## Task
Every line of the listing below should be written out exactly, minus its pictures.

## Data excerpt
——
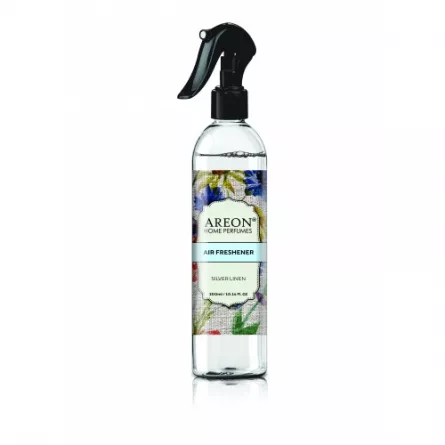 Odorizant de camera Areon spray, 300 ml, Silver Linen
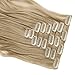 Clip in Full Head Hair Extensions 8 pieces/set Synthetic Fibre Natural Long Thick Hair Pieces Hairpiece Standard Weft Hair Extension - 17 inch Curly golden mix bleach blonde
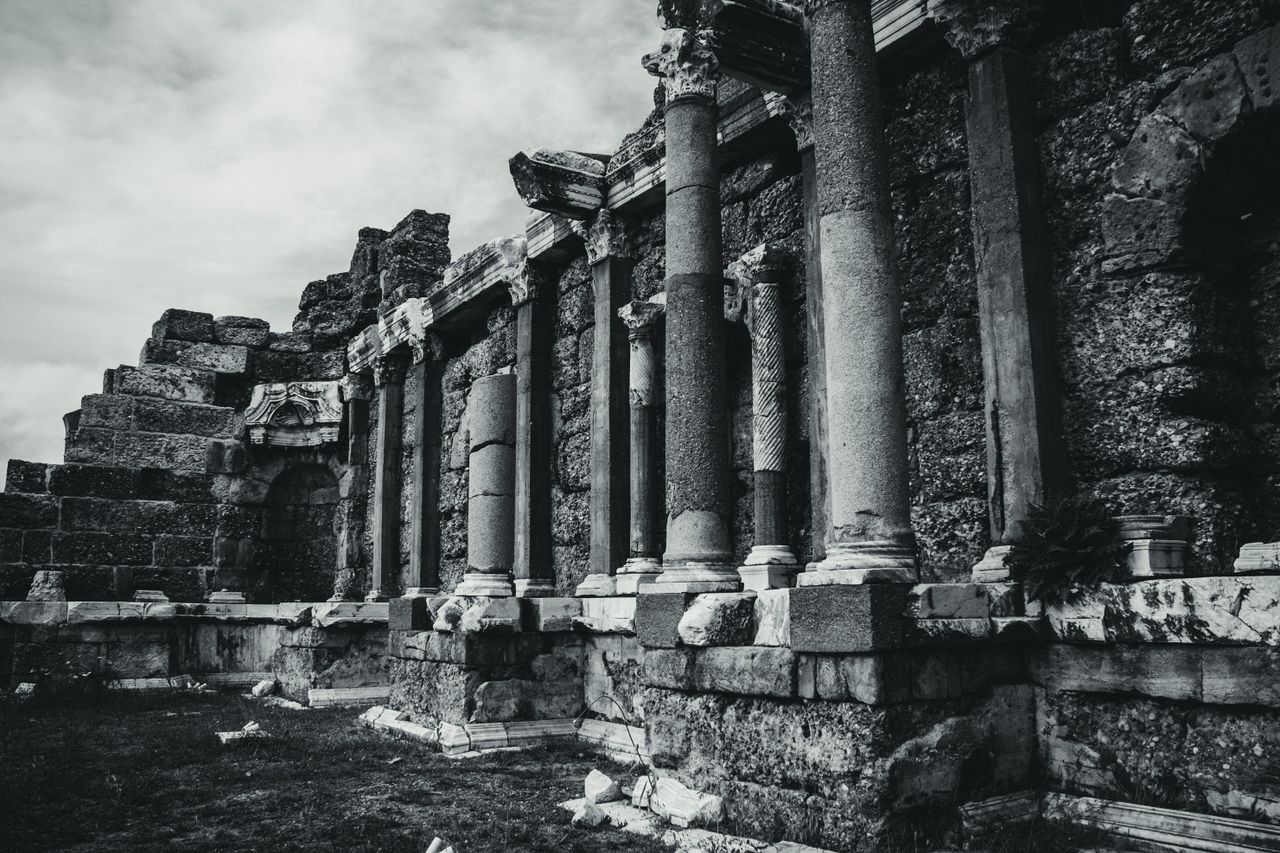 Sia Ören Yeri kalıntıları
——
## Finished task
 Odorizant de camera Areon spray, 300 ml, Silver Linen
 Clip in Full Head Hair Extensions 8 pieces/set Synthetic Fibre Natural Long Thick Hair Pieces Hairpiece Standard Weft Hair Extension - 17 inch Curly golden mix bleach blonde
 Sia Ören Yeri kalıntıları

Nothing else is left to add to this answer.